As the five Jewish assassins - including Daniel Craig's gung-ho South African, Mathieu Kassovitz's frail Belgian bombmaker and Ciarán Hinds' nervous clean-up man - go about the business of killing, in Paris, London and Beirut, Spielberg chips away at our confidence. They make mistakes: aborting a mission when a little girl picks up an explosives-packed telephone. We see the gory aftermath of their handiwork (body parts hanging from ceiling fans). They become anguished and argumentative, defying their orders in a horrific, hollow reprisal killing of a Dutch femme fatale who has taken out one of their own.

Buffeted about this revenger's tragedy is Avner, who morphs from a cocky idealist to a depleted shadow, disoriented by the notion that performing heroically for his country can feel so dehumanising. His conflicted disintegration is Munich's own crumbling soul. Bana is riveting, his bold, humane, absolute commitment to the character sparing Spielberg's blushes when the director occasionally fumbles in the dark. Towards the end, Spielberg does indeed “jump the shark” (recalling Schindler's List's cringey “This ring!” speech) when he cross-cuts between Avner's grim flashbacks to the Munich slayings while he's robotically fucking his wife, climaxing in a love it/cringe-at-it primal scream.

But, hey, it wouldn't be a Spielberg film if he didn't splice in at least one awkward moment. And the rest of this brainy, accomplished thriller, which simmers with action, suspense and intrigue, makes it a potent and worthy addition to the director's canon - even if the Academy only grudgingly granted it five nominations (awards tally: 0) while criminally ignoring Bana.

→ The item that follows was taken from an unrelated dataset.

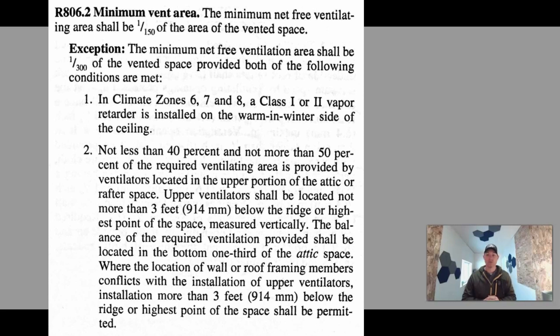To be honest, when someone does a re-roof, we don't know if they've got a class 1 or class 2 vapor retarder installed on the warm side — they're tearing it off and putting a new one on. We have to believe based on what people tell us whether there is one or isn't one. As an inspector, I've never actually looked for this vapor retarder. In our particular area — a colder climate — we allow people to vent at a 1 to 300 rate if they have soffit venting.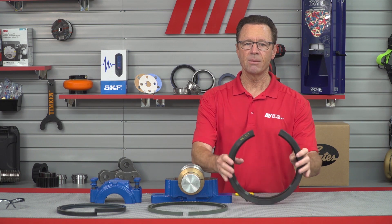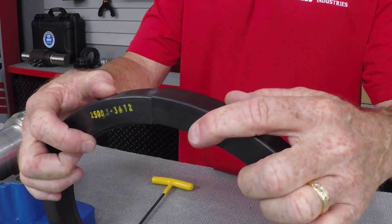Follow along. Number one, apply application lubricant to both the seal lip and the shaft, and wrap the seal around the shaft. Two, orient the seal so the split end is at the highest point — you don't want it at three or nine, straight up at the twelve o'clock position. Starting with the split ends, insert the seal into the housing bore, and ensure that the split ends of the seal are touching.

Depressingly, once again, Region 2 gets the vanilla, single-disc treatment. While the Region 1 (two-disc) version is awash with juicy featurettes, we get an 8-minute intro from The Beard and a brief Making Of, featuring interviews with all the main players. Both are decent, but why hold the full package back from Europe? Do they think we smell or something?

By declining to offer pat answers to a hopeless situation that's only got worse since its '70s setting, Munich argues for peace while not denying that, sometimes, you need to use force against your foes. As George Jonas himself has said, “For not solving the problems of the Middle East, Spielberg should get a Nobel Peace Prize, like everyone else.”